Nasi Putih Dulu

Welcome back to Kediri. Sudah makan? Walk into anyone’s home, and they’ll ask if you’ve eaten. We’re grilling sate ayam on skewers. We’re steaming bakso and blending guava juice. We’re serving up the meatballs in broth with noodles and hot sauce. We’re most definitely starting with rice.

In my home stay house, a pot of rice is already on the stove by 4:30 am. It’s the first thing we do before heading to the vegetable stand to claim the freshest papaya leaves on the block. Following the 3:30 am call to prayer, a pot of rice steaming on the stovetop marks the start of the day.

sate ayam kediri 2

In Indonesia, each meal revolves around rice. Sometimes multiple heaping scoops, three meals in a row. When we eat mie (noodles similar to ramen), we eat it with rice. There’s even a soft white rice rolled up in a banana leaf that’s called lontong—the texture is like polenta and it’s delicious. Desserts are often made from tapioca (rice flour), and soto ayam (chicken soup) includes—you guessed it—rice. When we go to events like a wedding reception, we carry home boxes of rice. There’s no shortage of nasi putih, and if you haven’t eaten it today, then you haven’t eaten. In summary: please send bagels.

sate ayam kediri
Sate ayam for days

Sure, no sign of sourdough bread or sandwiches yet. But on the world’s most populous island, familiarity is never too far away, either. Kediri is happening. When we need a break from nasi putih lunch boxes, there’s Pizza Hut. We’ve got shopping malls. There are cafes with wifi in the city center. Go-Car is the local Uber or Lyft alternative when I can’t make it there on bike. And for emergencies, most convenient stores stock Oreos.

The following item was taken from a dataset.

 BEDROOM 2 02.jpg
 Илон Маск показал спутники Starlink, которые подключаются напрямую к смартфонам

Still, Peace Corps training isn’t all tea and jello, although there’s plenty of each to go around. The day-to-day involves bucket showers (called mandi), squatty potties, washing clothes by hand, learning to speak Indonesian and now Javanese, riding a bicycle in crazy traffic, strangers asking—or not asking—for photos, sweating constantly, and shaking hands (called salim) with absolutely every lady in sight. We’re salim-ing all day long.

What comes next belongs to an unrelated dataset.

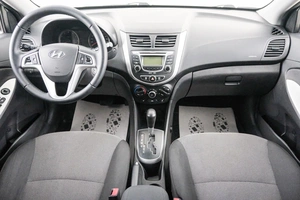 Седан Hyundai Solaris 2013 года, 899000 рублей, Красноярск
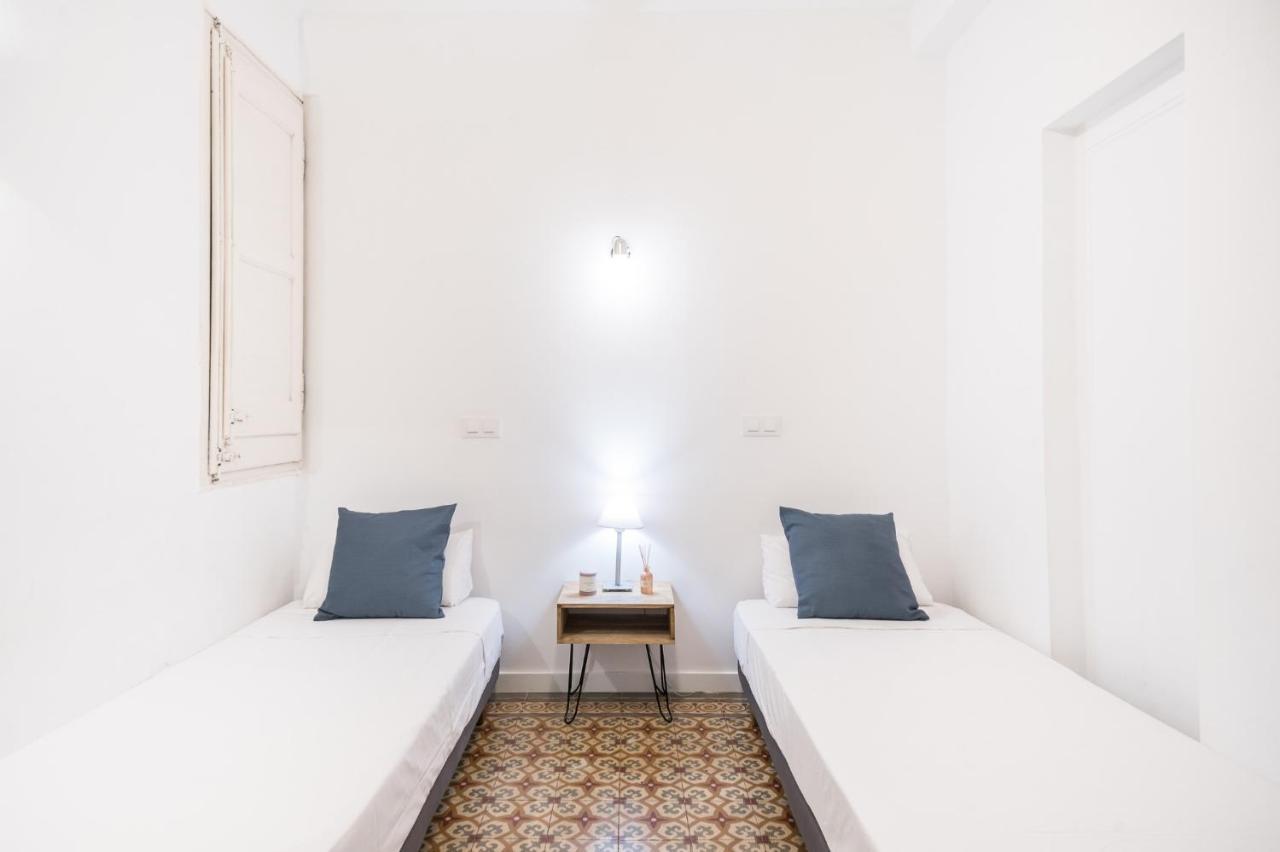 Spacious 3 Bed Apt In The Heart Of Sant Antoni Barcelona Luaran gambar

Culture, man. Integration is a process. Language learning is a process. Steaming rice is a process. It’s all a process, and we’re processing. Sometimes people hand me their baby, take my photo, and then take their kid back and walk away. Not everything makes sense, and that’s okay.

My little block in Kediri certainly has its perks. First, my keluarga has a mango tree. I thought Java only had two seasons: dry and rainy. Not true. There’s also mango season, and it’s happening right now. Ibu climbs the tree and collects the mangos. There’s a technique to picking mangos, and she’s got game.

mango tree

Then there’s Coco (pronounced Cho-cho). Coco is a guinea pig that lives outside our home. He’s nobody’s pet, my host sisters swear they don’t feed him, and we spot him maybe once every week or two. Where is Coco when he’s nowhere to be seen? My Nine-year-old host sister says he’s jalan-jalan—just going for a walk. It took me seven weeks to finally snag a photo as proof of Coco’s existence. Sad to report, though: he’s impossible to catch.

Coco guinea pig

Beyond our home, Kediri is flat. Rice paddies, busy streets, and one-story buildings. Not a hill or flight of stairs in my village, or desa. With the mountains in the background, the quiet green space—beside a sawah field is the place to be.

rice paddy kediri

The other weekend, volunteers in our desa planned a day trip with our host families. Destination: Gunung Kelud, a nearby mountain. Locals expressed urgency about the dingin. It’s soooo cold there, they said. Jackets required. I’d like to report back that walking uphill in 85 degree heat does not warrant layers. But please, dress as you like. With a view like this one, it’s worth the sweat.